** Goal of the exercise **
Show every line of the data that includes the word "Photo".

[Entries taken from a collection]

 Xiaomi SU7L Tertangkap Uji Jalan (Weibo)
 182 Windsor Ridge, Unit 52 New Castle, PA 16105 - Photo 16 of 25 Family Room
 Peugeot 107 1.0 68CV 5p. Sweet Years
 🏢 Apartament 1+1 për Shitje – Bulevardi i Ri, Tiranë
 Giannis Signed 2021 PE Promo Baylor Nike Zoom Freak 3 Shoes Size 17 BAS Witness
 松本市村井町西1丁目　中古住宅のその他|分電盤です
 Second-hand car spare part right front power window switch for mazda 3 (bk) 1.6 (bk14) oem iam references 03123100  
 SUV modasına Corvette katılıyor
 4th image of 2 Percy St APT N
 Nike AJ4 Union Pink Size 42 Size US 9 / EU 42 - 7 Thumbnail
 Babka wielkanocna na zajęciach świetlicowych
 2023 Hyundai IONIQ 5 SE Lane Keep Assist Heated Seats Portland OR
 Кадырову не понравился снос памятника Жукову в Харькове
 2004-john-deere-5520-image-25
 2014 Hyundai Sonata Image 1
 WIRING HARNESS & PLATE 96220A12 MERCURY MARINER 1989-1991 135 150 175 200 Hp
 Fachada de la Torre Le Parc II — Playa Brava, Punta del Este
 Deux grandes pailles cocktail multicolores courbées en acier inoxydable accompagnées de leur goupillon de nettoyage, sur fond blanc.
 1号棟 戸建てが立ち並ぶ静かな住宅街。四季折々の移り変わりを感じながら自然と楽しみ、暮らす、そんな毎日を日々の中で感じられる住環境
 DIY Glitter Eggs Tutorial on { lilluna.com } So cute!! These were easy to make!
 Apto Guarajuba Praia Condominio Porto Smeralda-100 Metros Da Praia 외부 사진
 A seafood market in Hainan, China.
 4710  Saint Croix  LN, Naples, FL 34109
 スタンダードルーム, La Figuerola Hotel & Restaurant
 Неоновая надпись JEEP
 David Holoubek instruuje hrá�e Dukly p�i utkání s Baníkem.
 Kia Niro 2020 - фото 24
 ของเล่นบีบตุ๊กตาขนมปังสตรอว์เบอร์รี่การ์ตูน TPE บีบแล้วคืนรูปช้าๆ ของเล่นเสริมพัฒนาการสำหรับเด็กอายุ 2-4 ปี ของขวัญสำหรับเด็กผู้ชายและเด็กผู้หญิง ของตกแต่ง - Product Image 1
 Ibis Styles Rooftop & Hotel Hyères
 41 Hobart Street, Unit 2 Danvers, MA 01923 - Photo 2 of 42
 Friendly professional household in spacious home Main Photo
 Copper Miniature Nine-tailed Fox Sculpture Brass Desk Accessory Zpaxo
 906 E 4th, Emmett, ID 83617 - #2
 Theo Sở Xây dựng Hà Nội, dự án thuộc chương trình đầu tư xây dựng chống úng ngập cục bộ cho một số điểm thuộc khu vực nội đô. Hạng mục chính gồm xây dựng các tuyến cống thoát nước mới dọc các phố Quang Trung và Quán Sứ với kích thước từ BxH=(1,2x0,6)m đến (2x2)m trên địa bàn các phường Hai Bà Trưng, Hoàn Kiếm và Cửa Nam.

** Response to this exercise **
 182 Windsor Ridge, Unit 52 New Castle, PA 16105 - Photo 16 of 25 Family Room
 41 Hobart Street, Unit 2 Danvers, MA 01923 - Photo 2 of 42
 Friendly professional household in spacious home Main Photo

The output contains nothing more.